Urban Ethnography Reading Group #5

For our latest session, we read Colin Jerolmack’s The Global Pigeon (2013). At first glance, a study of pigeons might seem a distant from our research on food charities in Palermo, Kyoto, and Rotterdam. Rather than focusing on the birds themselves, our conversation cantered on how a singular object, the pigeon in this book, serves as a lens to reveal the complex social networks of the city. 

We started the discussion with how Jerolmack uses the pigeon as a metaphor and a tool to understand society at large. What is particularly useful for our own research is the approach he took: focusing on a specific thing (the pigeon) not just to study the bird, but to study the relationships in which people are embedded. This resonates deeply with our study of food charities. Just as Jerolmack sees the city through the pigeon, we see the broader urban and social structures through the network and field of food charities, which is often a missing piece in existing food charity research. 

Next, comparing Jerolmack’s work and our research, we discussed about difference in identifiability of objects between Jerolmack’s work and ours. On the one hand, in Jerolmack’s work, pigeon is an easy object to address because the practices around it (feeding, flying, racing) is visible and concrete. On the other hand, in our Food Charities project, the object is much harder to identify.

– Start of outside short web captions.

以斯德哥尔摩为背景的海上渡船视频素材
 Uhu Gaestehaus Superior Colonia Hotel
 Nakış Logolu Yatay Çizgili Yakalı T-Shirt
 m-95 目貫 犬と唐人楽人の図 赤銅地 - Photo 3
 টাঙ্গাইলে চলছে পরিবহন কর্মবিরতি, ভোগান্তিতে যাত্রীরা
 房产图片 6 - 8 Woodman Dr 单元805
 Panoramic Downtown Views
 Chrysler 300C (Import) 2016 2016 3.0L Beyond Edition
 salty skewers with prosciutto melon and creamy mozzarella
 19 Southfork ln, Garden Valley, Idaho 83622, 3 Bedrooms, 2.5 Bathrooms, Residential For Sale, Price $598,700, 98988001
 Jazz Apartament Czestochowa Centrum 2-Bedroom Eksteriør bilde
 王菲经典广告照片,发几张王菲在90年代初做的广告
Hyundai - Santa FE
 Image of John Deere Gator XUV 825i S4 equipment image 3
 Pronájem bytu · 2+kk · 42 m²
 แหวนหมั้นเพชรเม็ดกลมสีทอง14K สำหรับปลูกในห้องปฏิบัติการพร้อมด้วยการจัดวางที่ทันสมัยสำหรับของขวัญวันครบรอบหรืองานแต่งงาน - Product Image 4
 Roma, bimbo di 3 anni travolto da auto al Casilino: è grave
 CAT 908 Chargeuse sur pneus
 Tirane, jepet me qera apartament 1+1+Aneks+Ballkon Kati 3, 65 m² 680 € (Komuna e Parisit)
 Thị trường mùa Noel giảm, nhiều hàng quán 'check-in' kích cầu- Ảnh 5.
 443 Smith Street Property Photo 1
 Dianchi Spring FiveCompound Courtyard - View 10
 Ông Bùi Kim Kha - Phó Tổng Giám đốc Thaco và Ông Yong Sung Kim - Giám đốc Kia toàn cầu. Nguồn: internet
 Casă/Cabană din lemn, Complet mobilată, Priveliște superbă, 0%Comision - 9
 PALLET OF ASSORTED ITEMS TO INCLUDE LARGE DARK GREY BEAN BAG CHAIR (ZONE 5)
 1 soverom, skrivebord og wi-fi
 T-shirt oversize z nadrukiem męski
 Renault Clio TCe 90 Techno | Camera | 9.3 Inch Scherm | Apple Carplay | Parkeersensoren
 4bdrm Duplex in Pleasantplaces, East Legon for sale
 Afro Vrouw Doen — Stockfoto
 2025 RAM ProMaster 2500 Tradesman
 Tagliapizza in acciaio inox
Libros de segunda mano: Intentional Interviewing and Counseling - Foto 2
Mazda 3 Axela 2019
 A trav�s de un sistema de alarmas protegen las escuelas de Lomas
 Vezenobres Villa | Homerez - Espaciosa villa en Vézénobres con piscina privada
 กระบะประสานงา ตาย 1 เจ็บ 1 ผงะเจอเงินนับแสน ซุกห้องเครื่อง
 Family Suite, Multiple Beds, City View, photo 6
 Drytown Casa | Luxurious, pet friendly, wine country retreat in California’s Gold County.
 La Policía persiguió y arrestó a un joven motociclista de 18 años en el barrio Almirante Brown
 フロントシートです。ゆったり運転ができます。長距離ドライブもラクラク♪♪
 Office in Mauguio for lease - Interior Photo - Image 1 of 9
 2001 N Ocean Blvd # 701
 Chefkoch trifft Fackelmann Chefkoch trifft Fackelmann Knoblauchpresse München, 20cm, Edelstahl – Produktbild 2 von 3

Involvement in a food charity does not have a clear-cut boundary. It includes non-material stuffs, such as getting subscriptions or vouchers. This led us to a reflection that how do we identify the involvement of our participants when it is not always a physical presence at a food bank? 

Lastly, we discussed the differences of multi-sited ethnography, which is the one used in this book, and the comparative ethnography, which is the one we are using in our project. We explored the idea of comparative ethnography if it is a bottom-up or as a top-down framework. While it includes a bottom-up aspects, we can explain our approach by top-down framework. The project looks at the food charities field from Agri-food, Civil Society, and Welfare. This framework helps us categorize what we are seeing in the field.  

Next up is Marr, M. D. (2015). Better must come: Exiting homelessness in two global cities. Cornell University Press.    

Jerolmack, C. (2019). The global pigeon. University of Chicago Press.